Commenting on NICHD’s website, the physician who oversees the Neonatal Research Network theorized that cesarean section might be less traumatic to an extremely premature infant, thus potentially contributing to survival. The one notable complication that increased over the study period was bronchopulmonary dysplasia, which may be a consequence of the respiratory therapy used to support lung function in premature infants. (Continuous positive airway pressure without ventilation increased from 7% in 2002 to 11% in 2012 [P<.001]).

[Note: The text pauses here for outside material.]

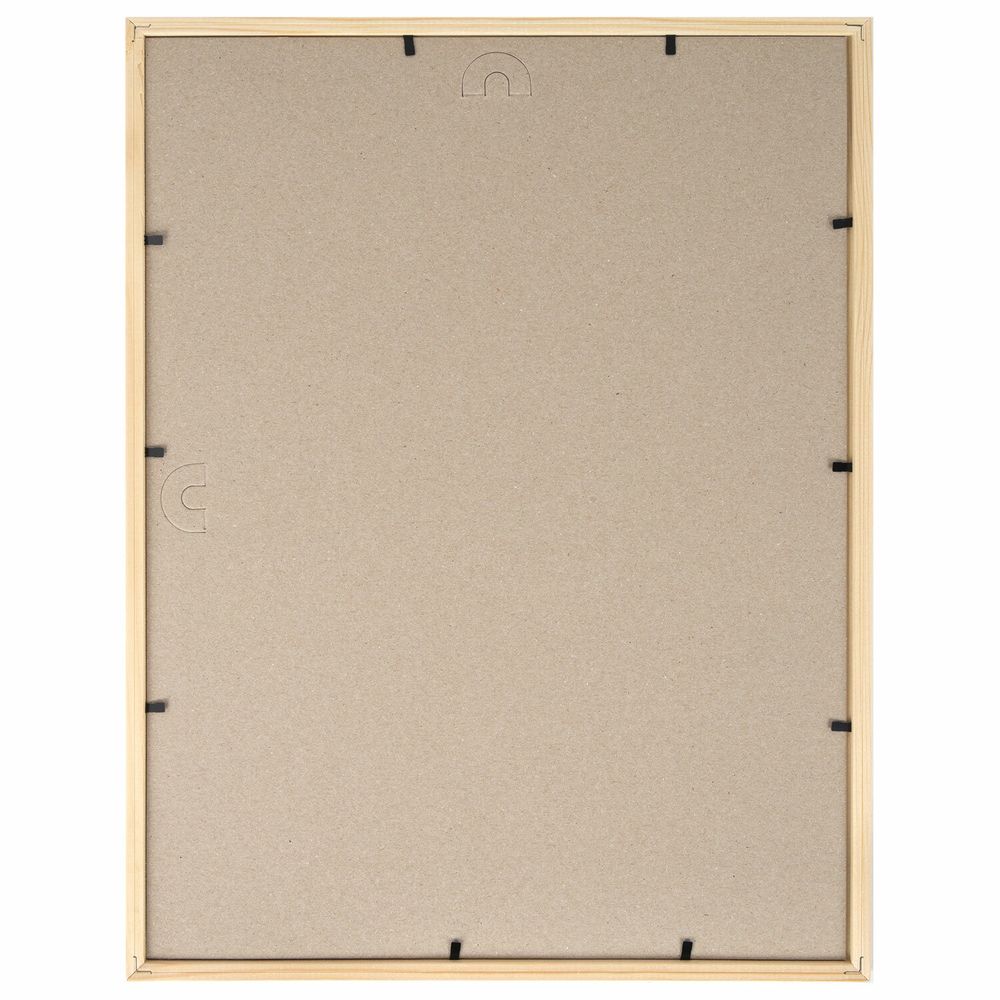 Рамка 30х40 см небьющаяся, аналог IKEA, багет 12 мм, дерево, BRAUBERG "Woodray", цвет натуральный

Text message reminders boost Depo-Provera adherence
Using a text messaging system to remind adolescents of scheduled appointments for a contraception injection appears to improve clinic attendance. The 100 participants in a research study conducted in a Baltimore, Maryland clinic ranged in age from 13 to 21 years; were currently using Depo-Provera; and had a cell phone with text-messaging capability. The young women, who primarily were from low-income African American families living in a community with high rates of unplanned pregnancy, were followed for 3 Depo-Provera cycles.

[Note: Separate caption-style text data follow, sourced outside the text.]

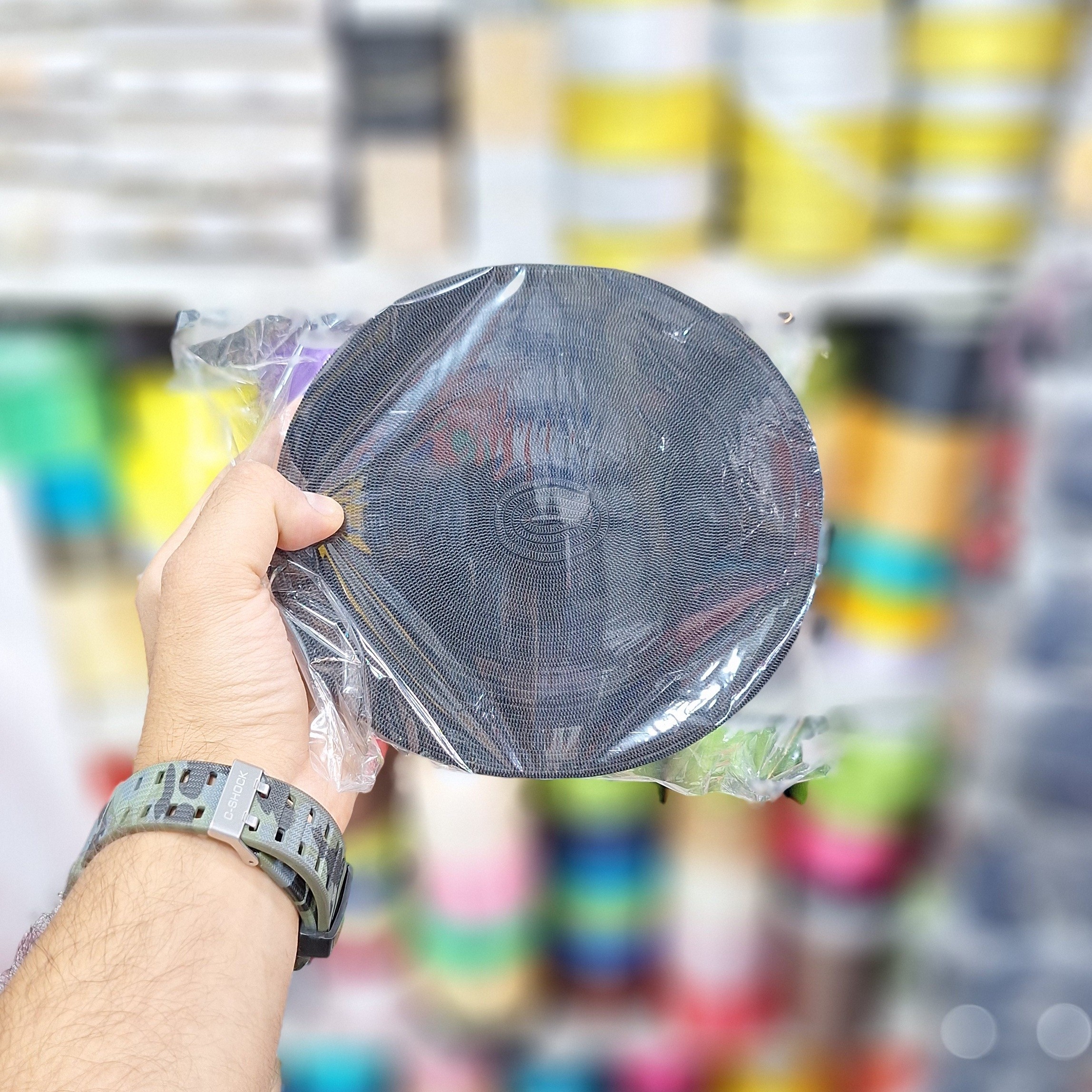 کش پنج سانتی مشکی(5cm)کیفیت بالا بسته 18 یاردی(حدود 16.5متر)(خرازی و خیاطی)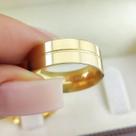 Par de Aliancas em Ouro 18K colecao Eternize 6mm, 7g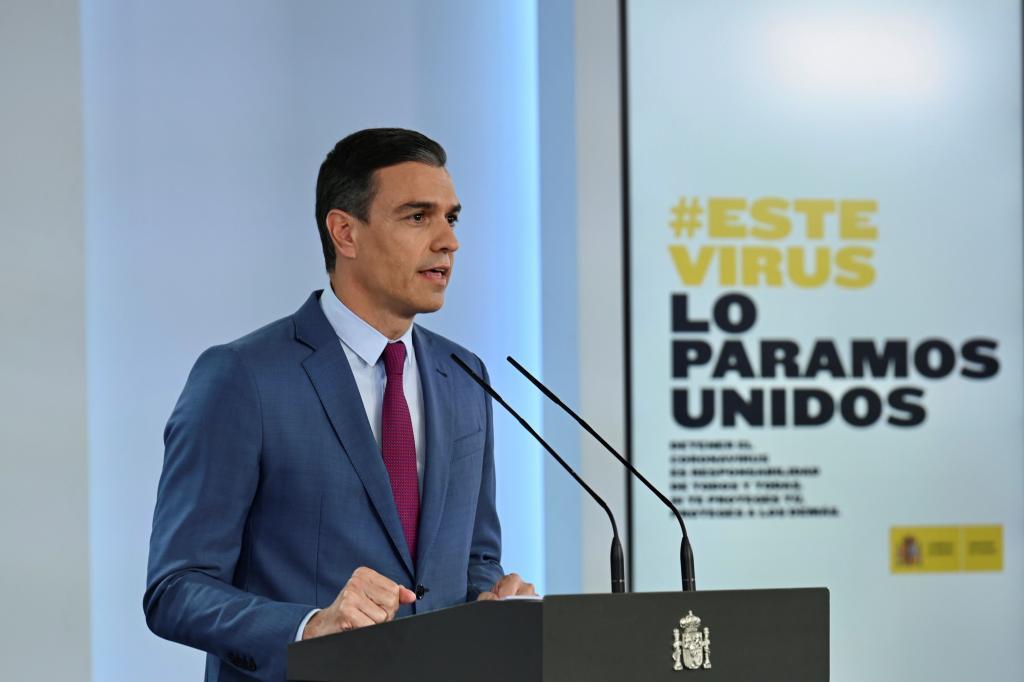 Pedro Snchez, durante el anuncio de la remodelacin de su Gobierno.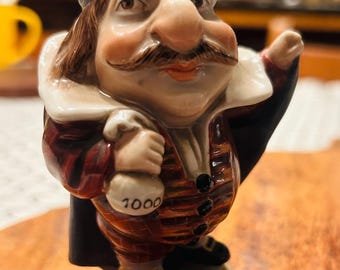 Capodimonte Ginori Italian Porcelain Dwarf Banker Figurine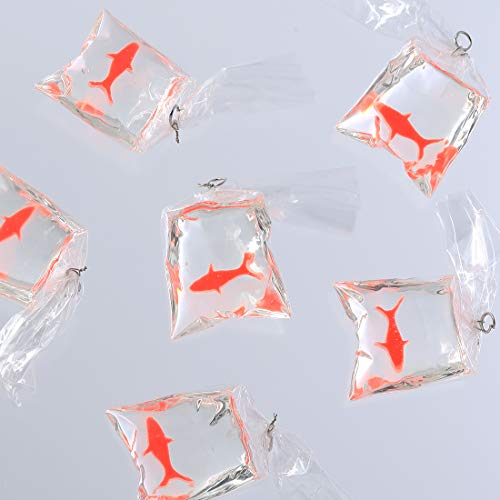 [ファイニエ] チャーム 金魚 チャームパーツ 金魚すくいでとれた金魚 6個(gè) カン付き ストラップパーツ アクセサリーパーツ AP1873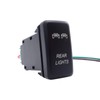 LED Light Push Switch Blue Backlit On/Off Compatible with Toyota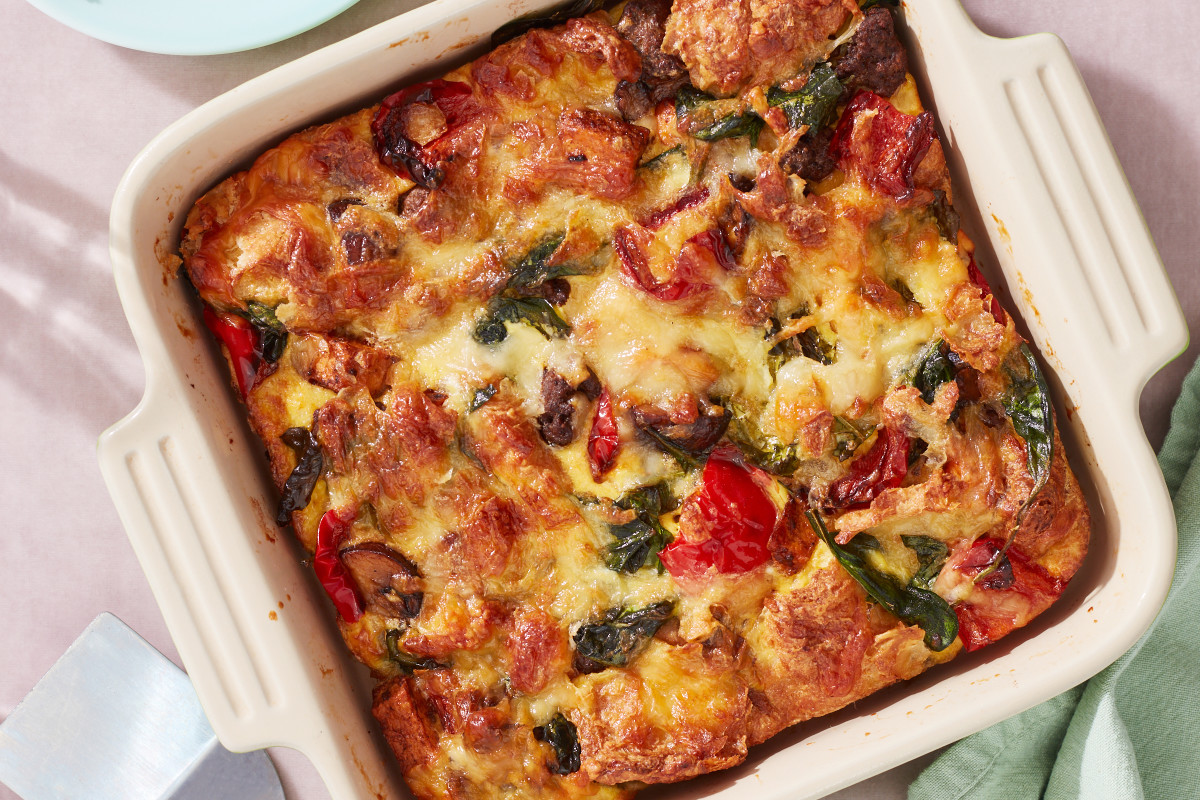 Brandi Milloy's Southwest Croissant Egg Bake Brandi Milloy's Southwest Croissant Egg Bake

At every Depo-Provera visit, all participants received a nursing assessment, counseling, the contraceptive injection, and an appointment card with the date of the next injection. As part of this standard clinical protocol, they also received an automated reminder via their home phone before the next appointment and were called if they missed an appointment. Young women assigned to the intervention group also were sent a welcome text message at enrollment as well as daily texted appointment reminders beginning 72 hours before the scheduled visit. These text messages ceased when the respondent indicated “yes,” she planned to keep the appointment, whereas a “no” response triggered a call from the nurse case manager to reschedule the appointment.

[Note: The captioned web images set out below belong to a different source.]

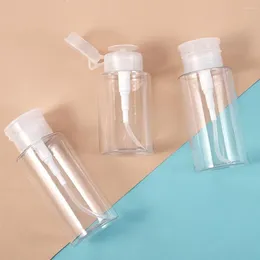 Storage Bottles Down Pump Refillable Press Pumping Dispenser Nail Polish Remover Container Empty Bottle Makeup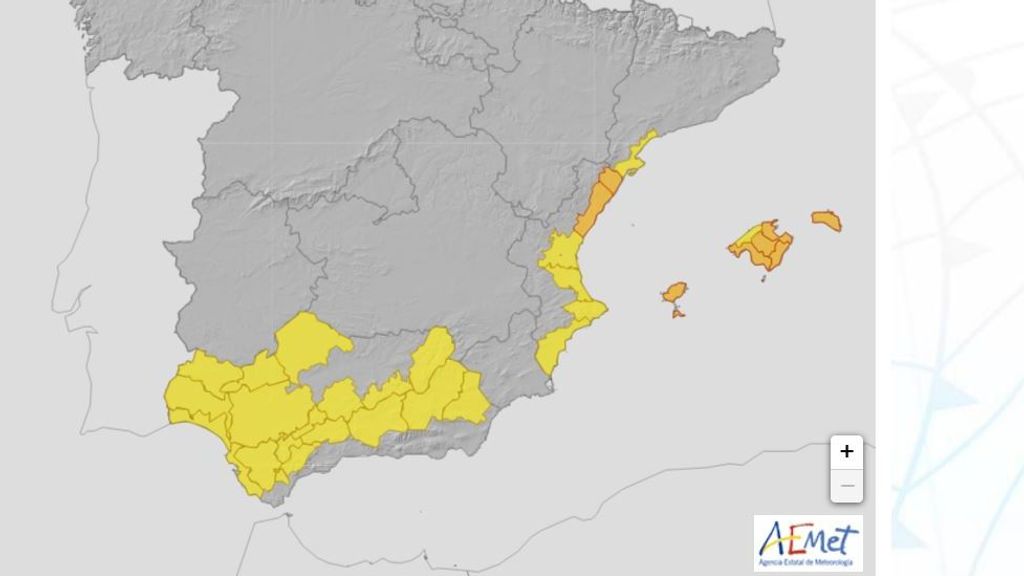 Avisos por lluvias y tormentas previstos para el martes 11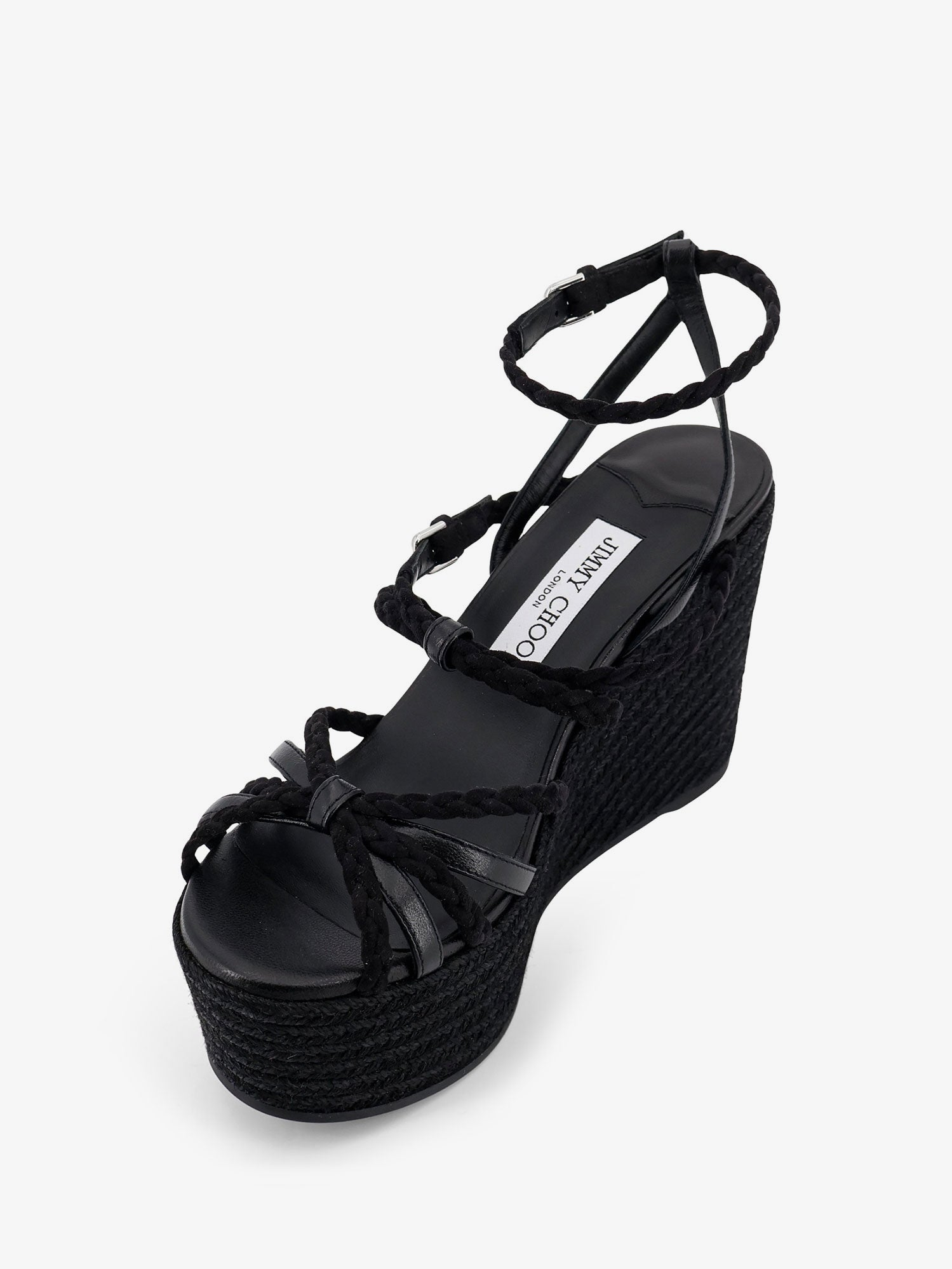 [Jimmy Choo] Sandals SS26 NYRA100ZKNBLACKBLACK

Overall, on-time visit adherence declined over time: 51% of participants in both groups kept their first visit appointment; 47% kept the second appointment; and 43% the third. However, 68% of participants who received the text reminders kept their appointment for the first visit compared with 56% of their peers. For the second cycle, the comparable proportions were 68% versus 62%, and for the third, virtually no difference was seen between the 2 groups-73% versus 72% (Trent M, et al. J Adolesc Health. 2015;57:100-106).